* [RECORDED INFORMATION]:
+ + + + + + +

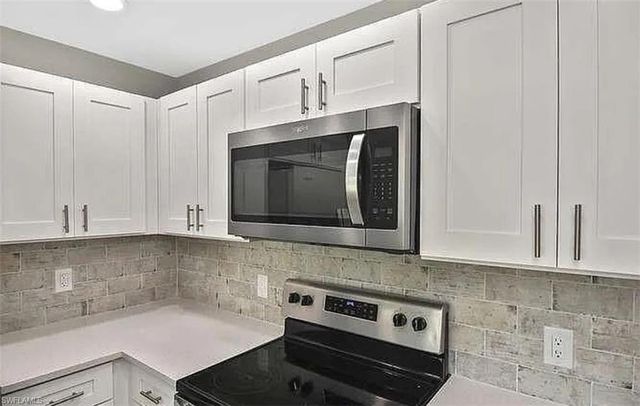 5457 9th AVE, Fort Myers, FL 33907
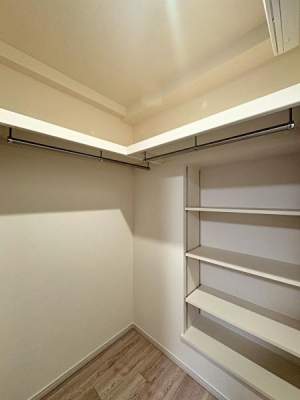 �_�ސ쌧���l�s�`�k��V���l1���ڂ̒��Ã}���V�����̎��[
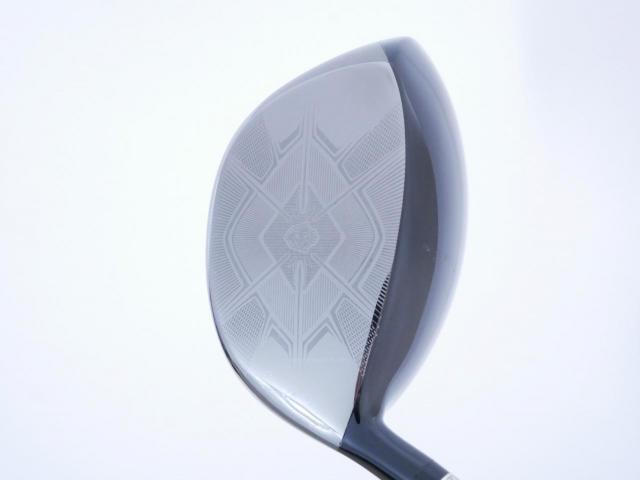 Driver : Maruman : ไดรเวอร์ Maruman MAJESTY Royal SP (ออกปี 2018 รุ่นท้อปสุด) Loft 10.5 Flex R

+ + + + + + +

* [TASK REQUIREMENTS]: Output all of the listing above, exactly as given, but without its pictures.

* [EXERCISE RESPONSE]:
 5457 9th AVE, Fort Myers, FL 33907
 �_�ސ쌧���l�s�`�k��V���l1���ڂ̒��Ã}���V�����̎��[
 Driver : Maruman : ไดรเวอร์ Maruman MAJESTY Royal SP (ออกปี 2018 รุ่นท้อปสุด) Loft 10.5 Flex R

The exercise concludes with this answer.